Scene in Edmonds: Young coho arrive at marina

On Tuesday morning, two Washington Department of Fish and Wildlife (WDFW) trucks arrived at the Edmonds Marina with 30,000 coho salmon smolt, to be transferred to the coho fish pen moored in the marina.

Puget Sound Anglers Association volunteers offloaded the fish into the pen and placed two nets over the top to protect the salmon.
This is the first time these fish have been exposed to saltwater. In a week or two, the pen will be moved and moored below the fishing pier, where the coho will naturally become imprinted to their location.
In the May timeframe, the fish will be released. Some will stay local, and some will head out to the Pacific Ocean. The hope is that when they mature, the salmon will return to this location for the local fishermen and to spawn.
Organizers offered thanks to the Puget Sound Anglers Association (Sno-King chapter), the Issaquah Fish Hatchery, the WDFW and the Port of Edmonds for supporting this activity.
— Story and photos by Doug Parrott
  1. Just curious, why do these smolts travel from Issaquah when Willow Creek Hatchery, located in Edmonds, is yards away from Puget Sound? Different species in these hatcheries? Different management organizations? Where do the Willow Creek smolts grow up?

    1. Hi Sandra, Thanks for the question. I’m not an expert on the comings and goings of Coho salmon but after a little research this this my best guess. The Willow Creek fish Hatchery is a micro fish hatchery with a small pond. The hatchery is owned and operated by volunteers from Salmon Solutions. It is primarily used for Salmon education in the local schools. They only hatch about 80,000 Coho a year. I do believe they release some of the salmon into Willow Creek which runs through the hatchery property. URL for Willow Creek:
      The Issaquah fish hatchery is a very large hatchery that hatches hundreds of thousands of fish a year. It is owned and operated by Washington State Fish and Wildlife Department and has the equipment and structure to support activities like the one that took place in Edmonds with the Puget Sound Anglers Association Sno-King chapter (a local non-profit). URL for Issaquah fish hatchery:

  2. A similar hatchery model has been used in the Westport boat basin for years.
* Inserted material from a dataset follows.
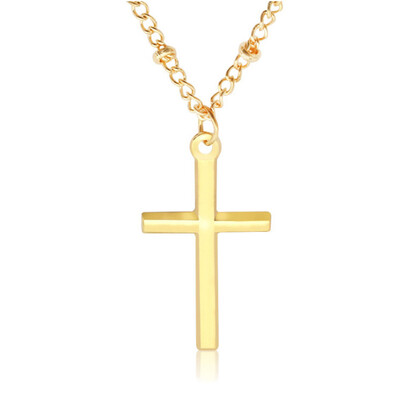 

Hot Sale Adjustable Cross Gold Chain Necklace Small Cross Religious Pendant Jewelry Womens necklace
They even have a derby for dock based coho. Fun times for the family and or handicapped coho angler.

  3. For many years the Willow Creek Hatchery has released the Coho raised there from eyed eggs into Swamp Creek that flows thru east Lynnwood. The fish are transferred in groups as they grow bigger in a trailer mounted tank by volunteers. This allows remaining fish to reach larger size until all are released. For many years there were about 100,000 Coho raised. The first 4 years of operation of the hatchery, Chinook were raised. The eyed eggs came from the Soos Creek Hatchery near the Green River. All Chinook in the pond had to be transferred at one time. They were weighed in metal buckets to record the poundage as they were being transferred into a large tank truck that took the fish to the Green River. The hatchery was built and operated with money raised by volunteers from the Edmonds Trout Unlimited Chapter who ran the hatchery until a few years ago on property owned by the Union Oil company that had large storage tanks in the area where the condos are now up on the hill above the water. The hatchery property is now owned by the City of Edmonds. If fish raised at the hatchery were released into Willow Creek many would be eaten by the variety of predator birds that inhabit the shallow water that flows thru the Edmonds March Wildlife Sanctuary before going into a pipe that begins by the train tracks and goes under the Port of Edmonds Marina parking lot. The pipe ends into the saltwater at Marina Beach.

  4. Thank you, Brent Tugby. What are your thoughts about net pens in the Salish Sea that hold thousands of Atlantic salmon, I believe? Farm raised fish.